## Your objective:
Where the data below has the string "sugar", return the whole line.

[Opening Task input section]

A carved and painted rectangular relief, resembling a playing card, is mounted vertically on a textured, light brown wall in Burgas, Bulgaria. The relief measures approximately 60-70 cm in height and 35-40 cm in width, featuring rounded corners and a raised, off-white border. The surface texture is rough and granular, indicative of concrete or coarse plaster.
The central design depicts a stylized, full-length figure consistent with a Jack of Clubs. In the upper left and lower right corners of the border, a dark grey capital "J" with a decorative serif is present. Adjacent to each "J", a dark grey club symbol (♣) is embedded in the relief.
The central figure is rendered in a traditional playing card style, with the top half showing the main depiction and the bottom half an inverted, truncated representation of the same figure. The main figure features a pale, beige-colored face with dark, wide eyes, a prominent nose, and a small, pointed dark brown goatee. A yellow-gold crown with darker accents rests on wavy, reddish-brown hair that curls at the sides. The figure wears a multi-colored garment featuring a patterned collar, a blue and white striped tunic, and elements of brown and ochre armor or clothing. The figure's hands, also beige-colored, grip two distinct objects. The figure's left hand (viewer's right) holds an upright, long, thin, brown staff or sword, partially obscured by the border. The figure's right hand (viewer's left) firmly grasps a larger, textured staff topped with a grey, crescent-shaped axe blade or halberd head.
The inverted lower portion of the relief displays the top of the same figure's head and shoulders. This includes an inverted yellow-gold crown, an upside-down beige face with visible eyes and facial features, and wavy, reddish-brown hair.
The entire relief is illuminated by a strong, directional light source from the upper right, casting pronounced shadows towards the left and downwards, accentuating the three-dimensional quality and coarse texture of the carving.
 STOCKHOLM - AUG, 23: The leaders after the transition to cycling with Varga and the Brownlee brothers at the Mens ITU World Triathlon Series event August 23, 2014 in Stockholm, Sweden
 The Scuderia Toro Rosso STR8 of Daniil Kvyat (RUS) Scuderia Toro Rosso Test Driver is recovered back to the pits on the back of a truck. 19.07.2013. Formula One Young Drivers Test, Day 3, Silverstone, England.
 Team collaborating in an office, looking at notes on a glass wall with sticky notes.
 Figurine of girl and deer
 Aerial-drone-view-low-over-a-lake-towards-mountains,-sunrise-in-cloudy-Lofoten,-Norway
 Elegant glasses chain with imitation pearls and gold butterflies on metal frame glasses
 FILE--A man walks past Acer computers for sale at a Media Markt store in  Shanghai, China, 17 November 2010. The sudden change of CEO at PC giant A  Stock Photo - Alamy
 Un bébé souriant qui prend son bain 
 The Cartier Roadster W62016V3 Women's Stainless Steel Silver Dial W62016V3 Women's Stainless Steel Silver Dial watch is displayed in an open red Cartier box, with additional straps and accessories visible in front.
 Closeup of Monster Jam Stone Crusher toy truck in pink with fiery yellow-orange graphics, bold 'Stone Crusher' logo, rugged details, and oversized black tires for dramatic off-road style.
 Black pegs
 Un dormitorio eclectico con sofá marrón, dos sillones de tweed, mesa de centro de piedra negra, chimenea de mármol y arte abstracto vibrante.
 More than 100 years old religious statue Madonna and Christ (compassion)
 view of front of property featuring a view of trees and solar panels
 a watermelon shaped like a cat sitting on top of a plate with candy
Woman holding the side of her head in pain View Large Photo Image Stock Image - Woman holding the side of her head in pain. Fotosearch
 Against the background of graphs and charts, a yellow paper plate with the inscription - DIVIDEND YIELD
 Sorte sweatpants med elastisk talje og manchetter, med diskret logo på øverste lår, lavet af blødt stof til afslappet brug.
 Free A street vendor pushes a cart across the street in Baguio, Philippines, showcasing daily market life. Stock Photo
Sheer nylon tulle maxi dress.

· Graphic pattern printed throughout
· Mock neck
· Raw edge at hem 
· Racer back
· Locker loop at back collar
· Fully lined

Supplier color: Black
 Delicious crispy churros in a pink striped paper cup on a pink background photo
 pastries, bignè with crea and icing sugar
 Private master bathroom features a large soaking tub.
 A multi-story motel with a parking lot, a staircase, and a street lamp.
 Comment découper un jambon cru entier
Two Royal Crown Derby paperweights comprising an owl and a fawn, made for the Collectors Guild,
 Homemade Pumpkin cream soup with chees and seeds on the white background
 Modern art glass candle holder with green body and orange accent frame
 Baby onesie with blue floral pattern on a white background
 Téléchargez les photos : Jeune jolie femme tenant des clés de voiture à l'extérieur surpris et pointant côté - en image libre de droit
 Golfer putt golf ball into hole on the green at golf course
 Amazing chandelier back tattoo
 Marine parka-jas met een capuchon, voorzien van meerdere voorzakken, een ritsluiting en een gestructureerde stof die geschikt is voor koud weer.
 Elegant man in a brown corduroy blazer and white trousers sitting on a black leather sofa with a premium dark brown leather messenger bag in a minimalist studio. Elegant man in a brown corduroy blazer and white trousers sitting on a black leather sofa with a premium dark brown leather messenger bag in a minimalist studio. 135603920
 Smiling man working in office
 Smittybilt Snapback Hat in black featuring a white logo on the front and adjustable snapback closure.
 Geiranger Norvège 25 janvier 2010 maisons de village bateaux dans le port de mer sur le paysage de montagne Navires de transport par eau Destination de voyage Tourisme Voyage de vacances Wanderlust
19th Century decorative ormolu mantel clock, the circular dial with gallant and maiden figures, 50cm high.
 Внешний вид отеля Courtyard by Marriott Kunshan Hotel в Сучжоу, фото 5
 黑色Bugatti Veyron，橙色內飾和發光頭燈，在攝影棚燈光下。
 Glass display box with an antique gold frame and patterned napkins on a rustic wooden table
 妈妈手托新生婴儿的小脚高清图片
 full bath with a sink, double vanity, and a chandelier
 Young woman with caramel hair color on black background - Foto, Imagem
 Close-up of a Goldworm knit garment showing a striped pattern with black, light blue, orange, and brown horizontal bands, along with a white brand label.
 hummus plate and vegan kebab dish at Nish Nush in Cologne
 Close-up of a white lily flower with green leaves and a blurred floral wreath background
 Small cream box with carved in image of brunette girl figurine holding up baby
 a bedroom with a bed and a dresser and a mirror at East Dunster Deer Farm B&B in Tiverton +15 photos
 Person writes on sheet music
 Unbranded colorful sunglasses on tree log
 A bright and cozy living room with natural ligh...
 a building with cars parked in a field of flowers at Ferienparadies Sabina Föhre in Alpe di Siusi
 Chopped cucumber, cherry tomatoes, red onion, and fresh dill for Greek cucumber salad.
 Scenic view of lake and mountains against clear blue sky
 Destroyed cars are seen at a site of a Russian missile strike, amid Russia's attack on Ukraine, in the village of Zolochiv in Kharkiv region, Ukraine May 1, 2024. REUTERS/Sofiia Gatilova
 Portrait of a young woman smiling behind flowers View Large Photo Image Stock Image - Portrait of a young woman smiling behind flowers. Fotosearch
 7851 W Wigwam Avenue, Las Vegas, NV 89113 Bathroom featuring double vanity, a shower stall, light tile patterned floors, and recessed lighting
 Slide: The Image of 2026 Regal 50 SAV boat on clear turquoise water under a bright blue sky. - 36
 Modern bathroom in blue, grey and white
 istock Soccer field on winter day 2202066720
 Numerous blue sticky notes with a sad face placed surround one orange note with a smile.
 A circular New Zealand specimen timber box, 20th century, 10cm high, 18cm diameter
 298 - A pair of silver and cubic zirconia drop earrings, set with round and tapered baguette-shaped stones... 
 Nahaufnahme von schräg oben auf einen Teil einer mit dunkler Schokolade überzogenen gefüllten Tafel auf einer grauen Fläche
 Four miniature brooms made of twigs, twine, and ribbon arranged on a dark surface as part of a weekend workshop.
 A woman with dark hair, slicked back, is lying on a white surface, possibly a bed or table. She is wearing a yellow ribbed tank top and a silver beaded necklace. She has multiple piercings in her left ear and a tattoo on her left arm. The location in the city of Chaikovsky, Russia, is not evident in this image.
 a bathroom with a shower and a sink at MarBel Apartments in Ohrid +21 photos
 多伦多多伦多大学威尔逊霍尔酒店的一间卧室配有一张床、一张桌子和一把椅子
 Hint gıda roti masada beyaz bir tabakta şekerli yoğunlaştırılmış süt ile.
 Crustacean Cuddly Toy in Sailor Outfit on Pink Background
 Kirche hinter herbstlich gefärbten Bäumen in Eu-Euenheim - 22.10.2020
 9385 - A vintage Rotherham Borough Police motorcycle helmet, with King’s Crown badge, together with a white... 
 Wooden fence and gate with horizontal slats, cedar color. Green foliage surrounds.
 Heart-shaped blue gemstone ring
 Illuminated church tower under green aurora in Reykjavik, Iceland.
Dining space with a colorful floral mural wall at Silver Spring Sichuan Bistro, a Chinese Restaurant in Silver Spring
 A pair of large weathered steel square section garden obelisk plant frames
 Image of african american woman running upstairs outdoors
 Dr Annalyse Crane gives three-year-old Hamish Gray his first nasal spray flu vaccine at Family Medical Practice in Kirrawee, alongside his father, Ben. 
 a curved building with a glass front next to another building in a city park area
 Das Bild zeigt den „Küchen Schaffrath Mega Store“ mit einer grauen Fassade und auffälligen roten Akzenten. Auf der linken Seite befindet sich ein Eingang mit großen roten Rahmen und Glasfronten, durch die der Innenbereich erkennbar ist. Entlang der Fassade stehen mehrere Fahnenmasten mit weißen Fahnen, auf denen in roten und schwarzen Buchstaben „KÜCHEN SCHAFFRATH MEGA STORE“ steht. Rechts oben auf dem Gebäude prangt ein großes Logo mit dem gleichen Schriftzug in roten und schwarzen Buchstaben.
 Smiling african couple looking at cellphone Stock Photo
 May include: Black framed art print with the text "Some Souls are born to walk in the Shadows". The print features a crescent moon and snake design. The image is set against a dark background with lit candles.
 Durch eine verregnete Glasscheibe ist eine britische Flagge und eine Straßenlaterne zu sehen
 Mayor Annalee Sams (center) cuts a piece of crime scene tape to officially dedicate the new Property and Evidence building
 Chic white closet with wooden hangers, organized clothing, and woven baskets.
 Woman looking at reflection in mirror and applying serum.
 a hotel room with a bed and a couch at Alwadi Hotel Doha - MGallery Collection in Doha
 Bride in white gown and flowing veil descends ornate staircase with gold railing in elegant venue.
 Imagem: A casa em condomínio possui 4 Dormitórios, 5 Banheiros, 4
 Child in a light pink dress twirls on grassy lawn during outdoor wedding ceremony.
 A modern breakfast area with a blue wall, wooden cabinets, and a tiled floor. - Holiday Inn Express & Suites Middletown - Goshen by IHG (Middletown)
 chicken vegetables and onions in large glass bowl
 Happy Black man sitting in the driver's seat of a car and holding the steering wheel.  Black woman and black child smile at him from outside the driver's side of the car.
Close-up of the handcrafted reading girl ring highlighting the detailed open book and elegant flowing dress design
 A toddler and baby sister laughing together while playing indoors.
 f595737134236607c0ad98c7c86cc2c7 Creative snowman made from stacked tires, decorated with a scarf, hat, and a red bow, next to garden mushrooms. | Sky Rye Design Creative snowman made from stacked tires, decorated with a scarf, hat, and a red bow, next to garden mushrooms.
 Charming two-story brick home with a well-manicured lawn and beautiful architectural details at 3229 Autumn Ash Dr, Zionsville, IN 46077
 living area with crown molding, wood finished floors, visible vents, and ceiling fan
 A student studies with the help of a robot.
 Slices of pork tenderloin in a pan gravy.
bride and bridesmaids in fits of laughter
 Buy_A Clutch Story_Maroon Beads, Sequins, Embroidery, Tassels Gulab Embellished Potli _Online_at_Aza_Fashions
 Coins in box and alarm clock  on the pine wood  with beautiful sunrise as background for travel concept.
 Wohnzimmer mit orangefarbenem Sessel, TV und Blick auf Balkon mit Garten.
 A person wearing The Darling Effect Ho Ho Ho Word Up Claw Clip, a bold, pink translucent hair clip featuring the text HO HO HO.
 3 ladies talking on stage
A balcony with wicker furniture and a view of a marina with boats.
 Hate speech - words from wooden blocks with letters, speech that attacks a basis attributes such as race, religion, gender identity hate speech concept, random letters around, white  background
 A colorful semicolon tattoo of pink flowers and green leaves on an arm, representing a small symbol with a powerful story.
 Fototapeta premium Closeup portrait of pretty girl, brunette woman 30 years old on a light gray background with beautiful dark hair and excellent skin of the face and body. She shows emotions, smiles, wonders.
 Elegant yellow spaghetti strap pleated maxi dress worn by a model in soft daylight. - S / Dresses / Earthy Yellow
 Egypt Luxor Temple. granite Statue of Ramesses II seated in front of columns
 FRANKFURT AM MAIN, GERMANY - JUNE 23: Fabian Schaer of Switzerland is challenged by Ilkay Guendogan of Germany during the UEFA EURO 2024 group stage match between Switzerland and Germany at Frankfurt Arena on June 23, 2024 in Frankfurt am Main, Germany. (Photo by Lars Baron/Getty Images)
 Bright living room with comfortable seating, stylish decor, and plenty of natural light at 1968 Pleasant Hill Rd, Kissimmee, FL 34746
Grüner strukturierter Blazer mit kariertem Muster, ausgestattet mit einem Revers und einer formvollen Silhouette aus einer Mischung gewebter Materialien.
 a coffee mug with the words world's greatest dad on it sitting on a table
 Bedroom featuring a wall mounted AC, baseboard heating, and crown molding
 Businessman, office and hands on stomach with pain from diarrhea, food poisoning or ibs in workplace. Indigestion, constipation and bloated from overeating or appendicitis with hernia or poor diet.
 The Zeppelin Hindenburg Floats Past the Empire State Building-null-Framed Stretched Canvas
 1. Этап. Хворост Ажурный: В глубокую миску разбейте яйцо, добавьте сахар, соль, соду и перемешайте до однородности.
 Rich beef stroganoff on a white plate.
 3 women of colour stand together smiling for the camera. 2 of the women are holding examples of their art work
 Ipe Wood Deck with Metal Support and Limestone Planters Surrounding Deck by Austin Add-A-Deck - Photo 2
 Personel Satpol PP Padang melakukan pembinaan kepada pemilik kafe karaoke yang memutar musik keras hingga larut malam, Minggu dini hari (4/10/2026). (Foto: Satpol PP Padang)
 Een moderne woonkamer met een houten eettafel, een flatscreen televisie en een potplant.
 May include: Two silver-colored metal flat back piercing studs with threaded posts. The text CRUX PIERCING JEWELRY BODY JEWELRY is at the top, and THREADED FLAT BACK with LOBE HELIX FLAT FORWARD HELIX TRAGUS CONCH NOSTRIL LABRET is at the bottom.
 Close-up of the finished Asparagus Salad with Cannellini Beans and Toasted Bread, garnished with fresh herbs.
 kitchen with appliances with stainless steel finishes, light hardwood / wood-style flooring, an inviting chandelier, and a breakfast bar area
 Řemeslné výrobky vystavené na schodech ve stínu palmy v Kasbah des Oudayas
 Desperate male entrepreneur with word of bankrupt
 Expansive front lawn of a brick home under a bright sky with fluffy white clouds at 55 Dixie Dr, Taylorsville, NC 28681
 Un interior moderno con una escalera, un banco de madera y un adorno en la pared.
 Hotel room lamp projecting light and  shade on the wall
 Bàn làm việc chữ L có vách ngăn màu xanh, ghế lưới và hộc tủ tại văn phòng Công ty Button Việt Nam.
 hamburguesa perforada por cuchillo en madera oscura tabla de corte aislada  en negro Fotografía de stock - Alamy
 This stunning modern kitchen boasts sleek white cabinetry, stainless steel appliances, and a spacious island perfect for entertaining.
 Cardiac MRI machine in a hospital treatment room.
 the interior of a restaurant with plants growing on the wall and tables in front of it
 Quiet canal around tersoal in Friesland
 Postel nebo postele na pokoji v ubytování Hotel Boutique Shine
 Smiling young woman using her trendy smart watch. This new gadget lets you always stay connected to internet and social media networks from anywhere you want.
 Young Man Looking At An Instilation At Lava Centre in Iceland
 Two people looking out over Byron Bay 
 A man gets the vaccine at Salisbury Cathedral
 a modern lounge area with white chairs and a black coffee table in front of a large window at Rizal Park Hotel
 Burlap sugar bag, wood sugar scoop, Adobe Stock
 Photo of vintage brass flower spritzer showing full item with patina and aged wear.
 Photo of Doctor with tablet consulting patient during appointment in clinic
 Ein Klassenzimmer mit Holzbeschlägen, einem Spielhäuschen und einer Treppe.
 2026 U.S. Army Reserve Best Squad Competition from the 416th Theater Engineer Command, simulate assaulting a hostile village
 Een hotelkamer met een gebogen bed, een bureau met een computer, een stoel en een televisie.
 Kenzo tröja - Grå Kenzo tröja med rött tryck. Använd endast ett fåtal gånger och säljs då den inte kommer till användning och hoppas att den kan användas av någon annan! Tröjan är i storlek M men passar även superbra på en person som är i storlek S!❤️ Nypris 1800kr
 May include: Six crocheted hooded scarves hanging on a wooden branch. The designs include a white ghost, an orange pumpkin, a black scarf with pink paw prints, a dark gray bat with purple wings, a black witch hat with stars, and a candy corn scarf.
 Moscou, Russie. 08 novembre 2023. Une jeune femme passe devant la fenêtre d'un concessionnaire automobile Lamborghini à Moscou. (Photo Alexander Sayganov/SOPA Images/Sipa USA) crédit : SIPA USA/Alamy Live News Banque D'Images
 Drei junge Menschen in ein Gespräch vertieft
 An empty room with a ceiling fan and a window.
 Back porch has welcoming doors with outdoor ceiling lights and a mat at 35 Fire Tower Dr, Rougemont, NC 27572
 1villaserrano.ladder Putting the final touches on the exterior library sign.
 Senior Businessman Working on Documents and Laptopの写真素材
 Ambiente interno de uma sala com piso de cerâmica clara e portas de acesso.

[Closing Task input section]

## Response to the exercise:
 pastries, bignè with crea and icing sugar
 Burlap sugar bag, wood sugar scoop, Adobe Stock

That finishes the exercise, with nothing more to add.